According to the Cariboo Observer news article below this hardware store was established in 1933 (yet another
article states the year as 1932) as the Northern Hardware & Furniture Co. The article also states that it was taken over on January 21, 1946 by Bill Willis and Lloyd Harper to become the Willis-Harper Hardware Store.
The 1932 or 1946 building continues to house a hardware store, a member of the
Home Hardware chain of hardware stores, and still known as Willis-Harper Hardware. Over the corner entrance hangs a somewhat Googie neon sign with the Willis-Harper Hardware name. Its style suggests that it was installed about the time that Willis and Harper took over the hardware store, in 1946.
In 1997 Leigh Cassidy, who often signs her works
Jerii, was commissioned to paint a couple of murals on the store. What resulted were very topical murals, reminiscent of 1940s advertisement backgrounds a hardware store might create for a flyer of newspaper ad. Actually, the theme of the artwork Is hardware stores of the 1930s, 1940s and 1950s. Cassidy spent over two weeks on the murals in the summer of 1997, completing them in late July or early August of 1997. This mural, by the parking lot a the rear of the store, consists of three panels, each framed with "barnwood" frames.
Since 1997
Leigh (jerii) Cassidy has done quite a number of murals in Quesnel, some quite large. As well, she is the one who converted something like 22 of the city's fire hydrants into
Little People, renditions of historic figures (even dogs) of Quesnel.

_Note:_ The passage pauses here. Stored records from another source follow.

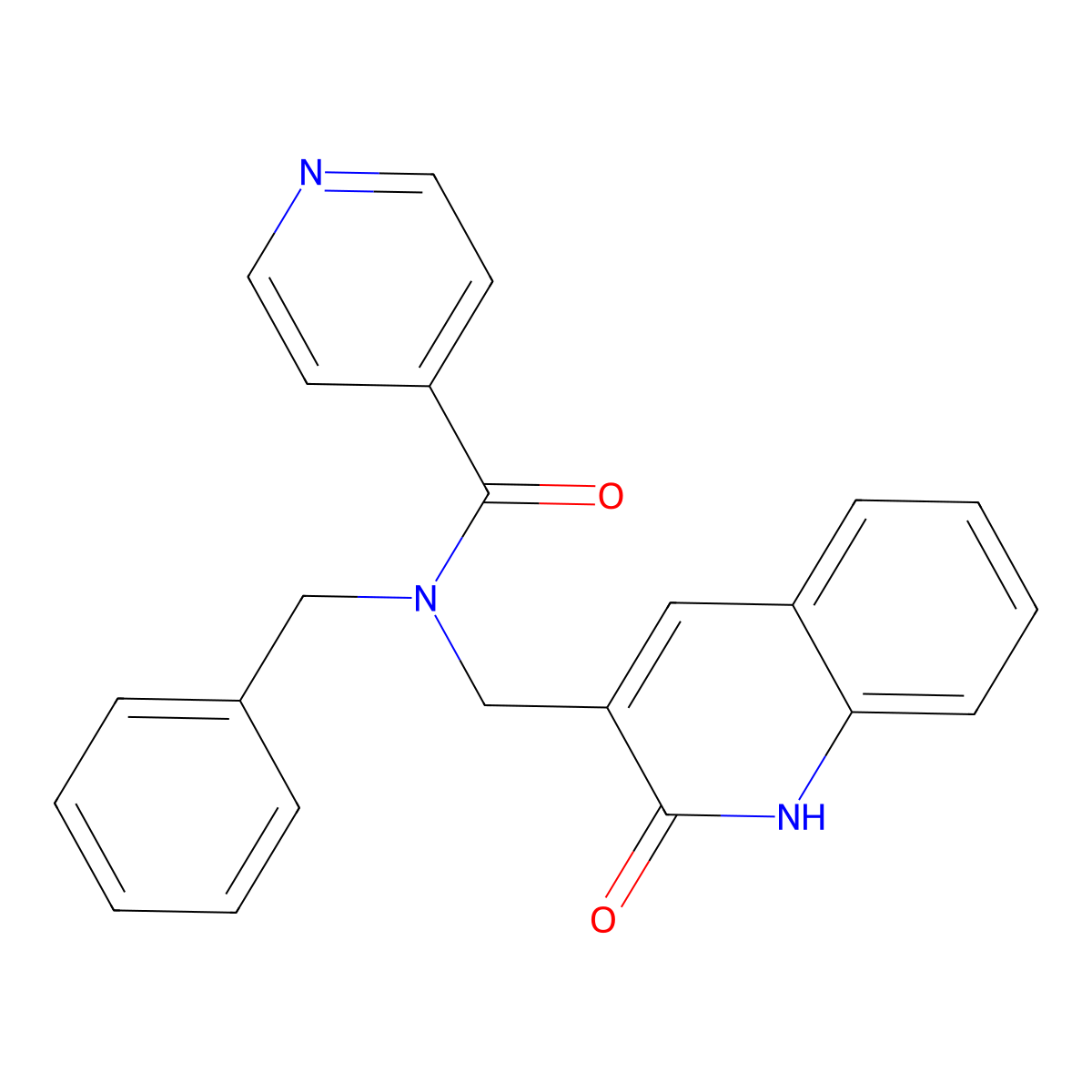 N-benzyl-N-[(2-oxo-1H-quinolin-3-yl)methyl]pyridine-4-carboxamide molecular structure, CAS 838895-35-5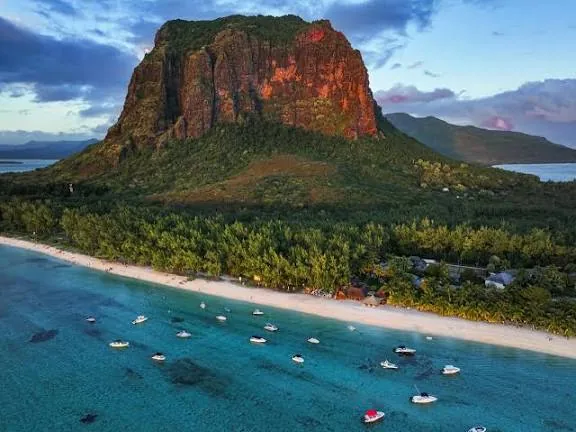 Aerial view of Le Morne mountain and beach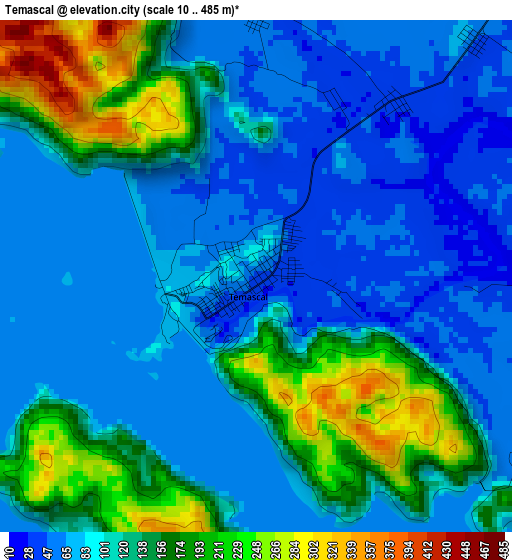 Temascal elevation map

Following is part of the story of how this became Willis-Harper Hardware.
Willis-Harper Take Over
Northern Hardware Company
SATURDAY, JANUARY 26, 1946
Cariboo Observer
W. (Bill) Willis and Lloyd Harper took over the Northern Hardware & Furniture Co. store and stock here from D. Whitmore and Alex Moffat on Monday, in one of the largest business transfers in some time. The new proprietors plan on carrying on the business, which was established in 1933, along the same lines as formerly.
The store was closed Monday for stocktaking, but open for business again Tuesday morning.
Bill Willis started to work at the Northern in June, 1935, and has remained with the firm ever since. During the past few years he has taken active charge of the store during Mr. Whitmore's frequent absences.
Lloyd Harper came to Quesnel in 1933 from Prince George in May, 1933, when they started the Harper Sheet Metal Works. For some years the business was operated by Lloyd and his brother, Len, who was killed in the fighting in Germany last year. Since that time he has carried on alone. We understand Lloyd plans on disposing of the sheet metal works.
Both Bill and Lloyd are of the younger generation of Quesnel business men, and both are keen sportsmen. Their many friends in the district will wish them success in their new venture.
Frank Whitmore plans on retiring and taking life easy. He says that during the past couple of years he has located all the pools in the country where the "big fellows" lurk, and this year he is going out and round them up.
The Shell Oil Agency, which was held by the Company, has been taken over by Ken Thibaudeau, who has attended to it for the past five years.